Given information:

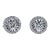 18k (750) White Gold - VVS Natural Diamond Stud Earring - Set of 2 For Sale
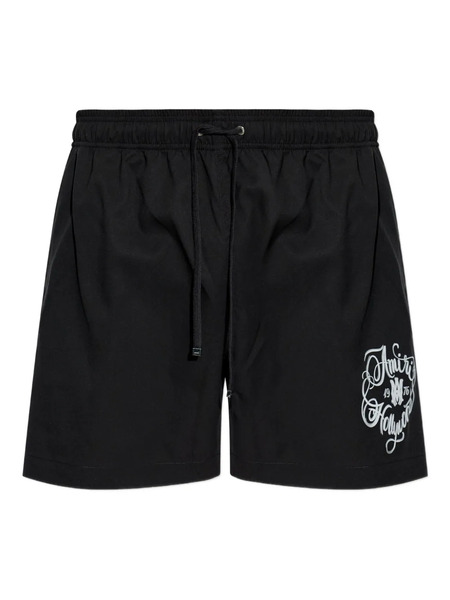  Amiri Printed Drawstring Swim Shorts - Black 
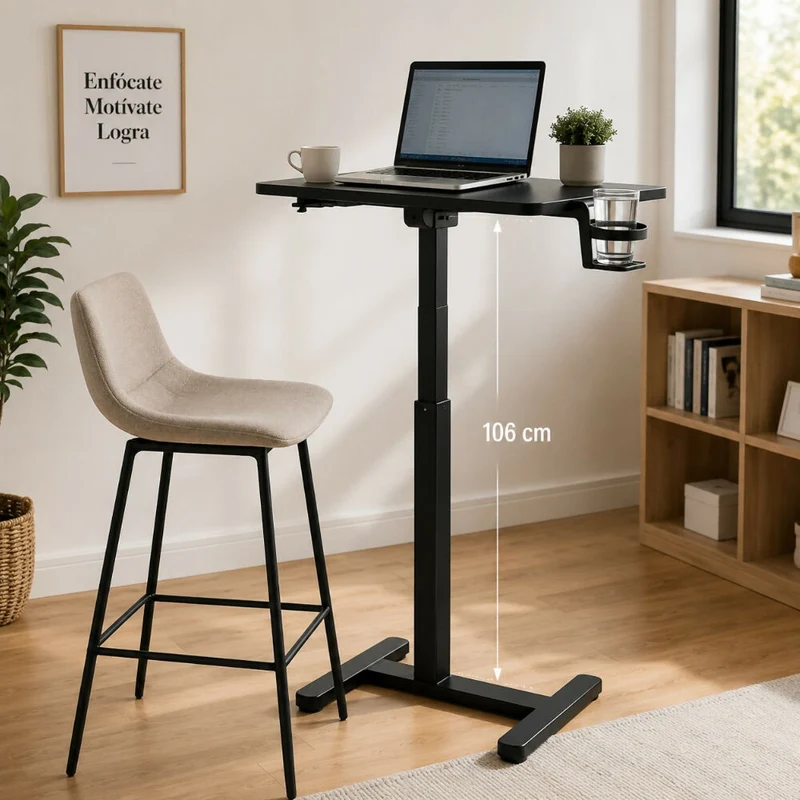Mesa Auxiliar Ajustable Negra Ellevare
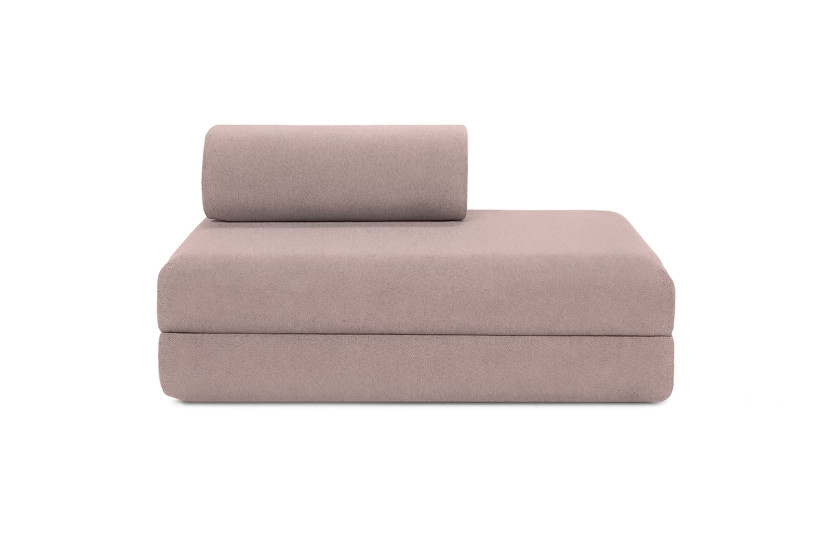 Canapé droit convertible 3 places - Tissu lisse - Rose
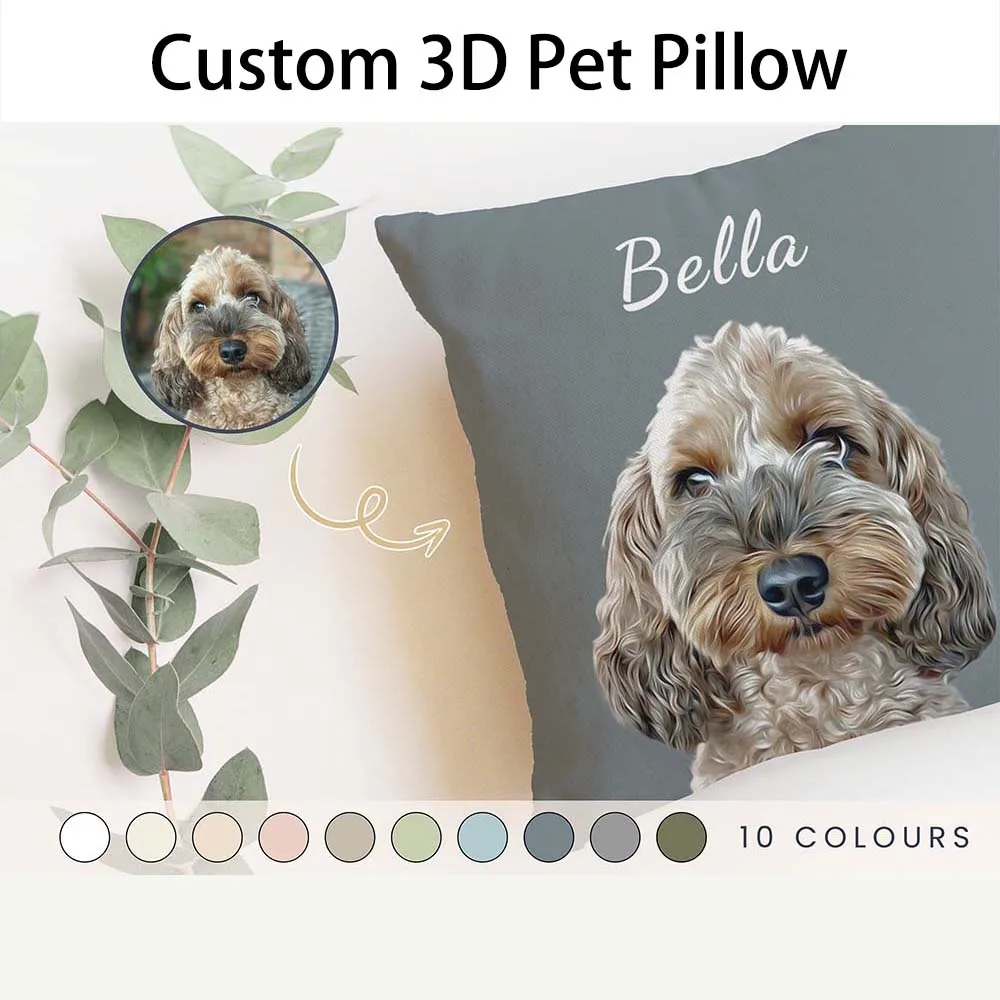 Customized 3D Pet Photo Name Cushion Pillow,Custom Cat/Dog Throw Pillow,Personalized Animals Pillow,Pet Loss Memorial Gift 3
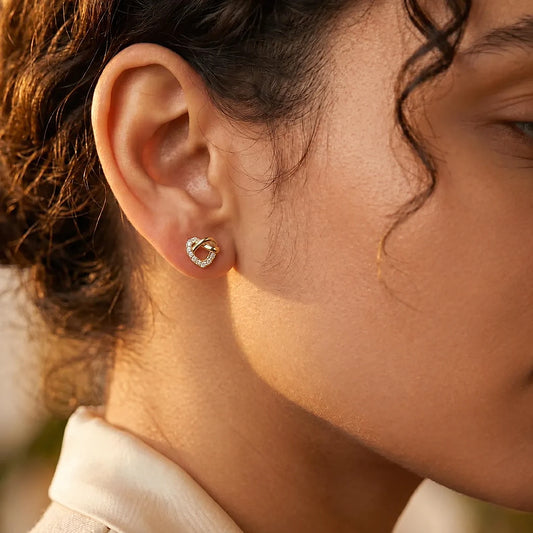 Heart Knot Pavé Stud Earrings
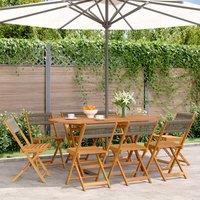 Berkfield Home Folding Garden Chairs 8 pcs Grey Solid Wood Acacia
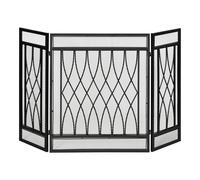 HOMCOM Salvachispas Plegable Pantalla Protectora de Chimenea 3 Paneles con Bisagras y Estructura de Metal Decorativa 126x3x80 cm Negro Aosom España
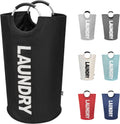 90L Large Laundry Basket Bag, Collapsible Tall Hamper, Black | Freestanding tall washing bin & foldable laundry bag.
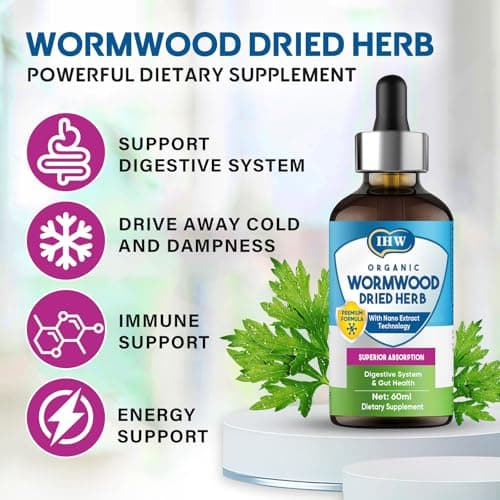 Wormwood Tincture, Organic Wormwood Drops with Black Walnut for Detox, Natural Intestinal Cleanse and Digestive Cleanse Supplement, Alcohol-Free, 60 Ml - Thumbnail 6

Exercise aim: Your response must consist of the lines from the beginning of the data through the line containing "Canapé droit convertible", transcribed exactly, with no pictures.

Solution:
 18k (750) White Gold - VVS Natural Diamond Stud Earring - Set of 2 For Sale
  Amiri Printed Drawstring Swim Shorts - Black 
Mesa Auxiliar Ajustable Negra Ellevare
 Canapé droit convertible 3 places - Tissu lisse - Rose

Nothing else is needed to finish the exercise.